Hi @roysuman088
Unfortunately lightning.gpu
does not support the NVIDIA M40 Tesla cards, as these are not compatible with NVIDIA cuQuantum, which we rely on for the GPU calls. The minimum supported GPU generation for cuQuantum is the SM7.0 cards, which are V100s and newer. The M40 series are SM5.2. See WARNING: INSUFFICIENT SUPPORT DETECTED FOR GPU DEVICE WITH `lightning.gpu` - #7 by mlxd for another case where this is discussed.
I suspect this may be partly the reason that the runtime is taking a long time, as it is likely falling back to CPU-only operation.
Do you see a warning message when instantiating a lightning.gpu
device on that machine? It should let you know that a compatible GPU device is not found, and so will fall-back to CPU-only operation.

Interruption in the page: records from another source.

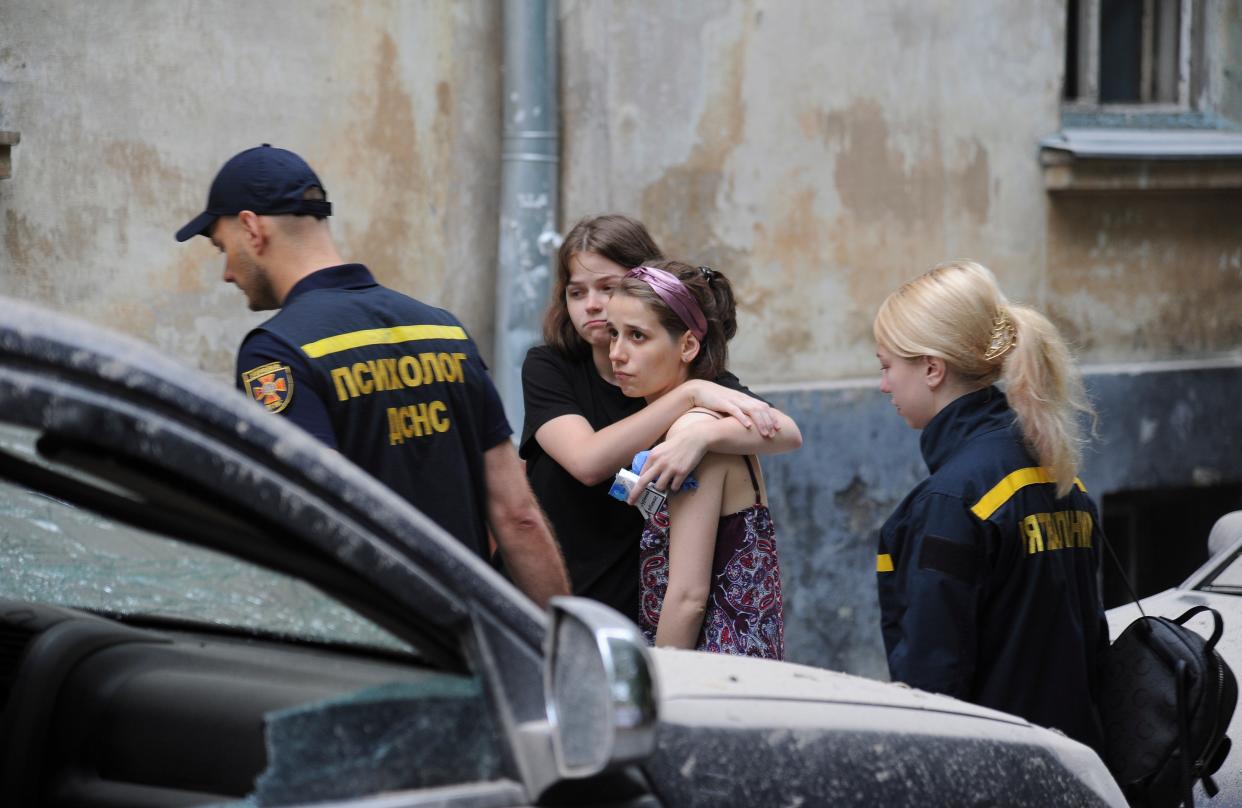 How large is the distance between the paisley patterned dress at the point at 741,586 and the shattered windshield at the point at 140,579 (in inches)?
48.0

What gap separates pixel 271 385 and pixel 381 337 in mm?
259

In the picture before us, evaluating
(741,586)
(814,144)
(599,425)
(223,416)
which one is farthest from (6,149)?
(223,416)

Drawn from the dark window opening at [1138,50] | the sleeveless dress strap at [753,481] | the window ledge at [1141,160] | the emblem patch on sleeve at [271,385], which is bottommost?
the sleeveless dress strap at [753,481]

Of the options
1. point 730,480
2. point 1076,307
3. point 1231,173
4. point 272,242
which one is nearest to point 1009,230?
point 1076,307

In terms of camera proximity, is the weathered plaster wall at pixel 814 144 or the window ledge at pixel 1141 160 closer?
the weathered plaster wall at pixel 814 144

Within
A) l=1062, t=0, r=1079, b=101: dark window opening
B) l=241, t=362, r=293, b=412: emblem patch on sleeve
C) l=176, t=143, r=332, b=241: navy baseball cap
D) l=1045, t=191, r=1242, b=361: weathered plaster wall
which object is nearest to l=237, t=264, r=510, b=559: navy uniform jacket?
l=241, t=362, r=293, b=412: emblem patch on sleeve

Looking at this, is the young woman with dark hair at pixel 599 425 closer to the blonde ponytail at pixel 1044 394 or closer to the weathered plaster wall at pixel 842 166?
the blonde ponytail at pixel 1044 394

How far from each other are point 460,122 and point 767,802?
170 inches

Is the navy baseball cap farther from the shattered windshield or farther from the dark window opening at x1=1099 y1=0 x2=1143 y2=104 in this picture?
the dark window opening at x1=1099 y1=0 x2=1143 y2=104

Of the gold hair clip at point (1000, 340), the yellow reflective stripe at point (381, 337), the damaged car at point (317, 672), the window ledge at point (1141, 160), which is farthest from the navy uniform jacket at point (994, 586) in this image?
the window ledge at point (1141, 160)

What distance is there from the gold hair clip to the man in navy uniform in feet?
3.06

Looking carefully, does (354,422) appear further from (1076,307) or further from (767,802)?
(1076,307)

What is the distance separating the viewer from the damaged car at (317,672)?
1415 millimetres

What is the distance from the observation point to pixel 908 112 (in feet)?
20.9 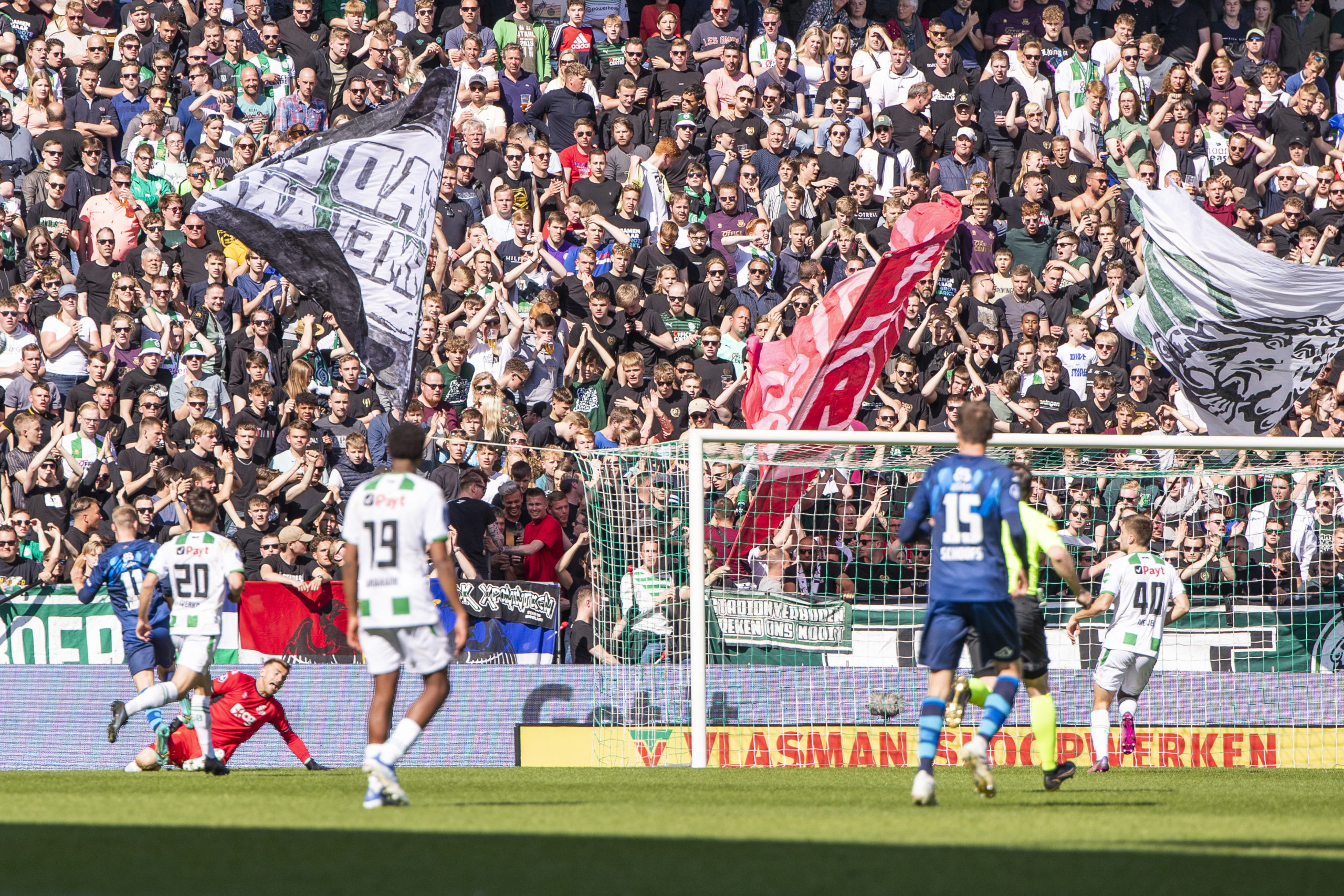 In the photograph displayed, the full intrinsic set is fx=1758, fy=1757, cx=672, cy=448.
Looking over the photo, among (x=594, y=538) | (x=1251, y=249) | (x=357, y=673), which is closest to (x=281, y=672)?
(x=357, y=673)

What could potentially be a good work-around is trying to use our lightning.kokkos
research device. This card may support the older GPU generation, and allow you to get better performance. To try this out, feel free to try the following guide, though, you may need to ensure both CUDA libraries and binaries are located on your PATH
and LD_LIBRARY_PATH
first. I will assume you are using Ubuntu, and add the paths as they tend to be found on that OS:
git clone https://github.com/PennyLaneAI/pennylane-lightning-kokkos
cd pennylane-lightning-kokkos & git checkout v0.29.1
export PATH=$PATH:/usr/local/cuda/bin
export LD_LIBRARY_PATH=$LD_LIBRARY_PATH:/usr/local/cuda/lib:/usr/local/cuda/lib64
python -m venv pyenv && source ./pyenv/bin/activate
python -m pip install pennylane
BACKEND="CUDA" python -m pip install -e .
The above process creates a local Python virtual environment, installs PennyLane and will try to build Lightning Kokkos for your given GPU architecture. If the generation is too old, it may not be supported.